- [INSTRUCTIONS FOR THE TASK] A word-for-word copy of the following listing is needed. Leave out its images.
DATA PROVIDED section start
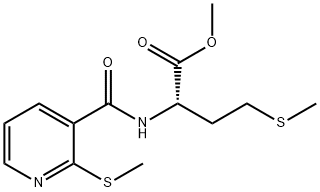 METHYL 4-(METHYLTHIO)-2-([[2-(METHYLTHIO)-3-PYRIDYL]CARBONYL]AMINO)BUTANOATE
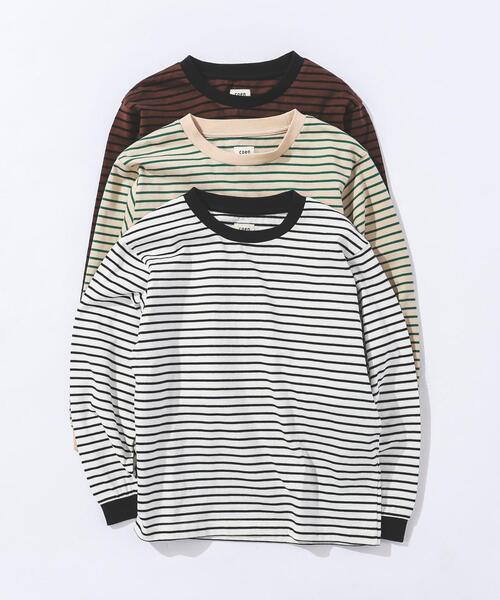 coen（コーエン）の「レトロボーダーリンガーTシャツ（Tシャツ/カットソー・キッズ・ブラック/ブラウン/ナチュラル・100/110/120/130/140/150）」の19枚目の写真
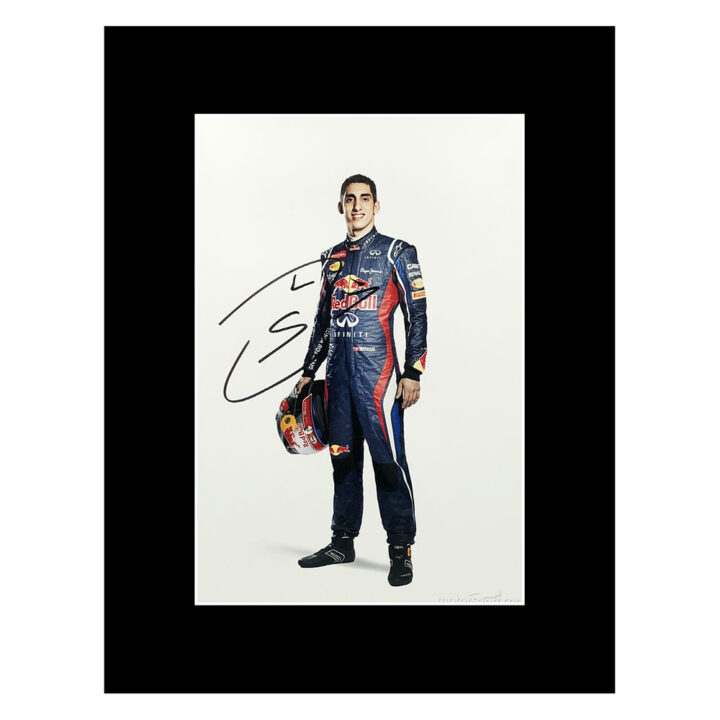 Sebastien Buemi Signed Photo Display - 16x12 Formula 1 Icon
DATA PROVIDED section end
- [TASK SOLUTION]
 METHYL 4-(METHYLTHIO)-2-([[2-(METHYLTHIO)-3-PYRIDYL]CARBONYL]AMINO)BUTANOATE
 coen（コーエン）の「レトロボーダーリンガーTシャツ（Tシャツ/カットソー・キッズ・ブラック/ブラウン/ナチュラル・100/110/120/130/140/150）」の19枚目の写真
 Sebastien Buemi Signed Photo Display - 16x12 Formula 1 Icon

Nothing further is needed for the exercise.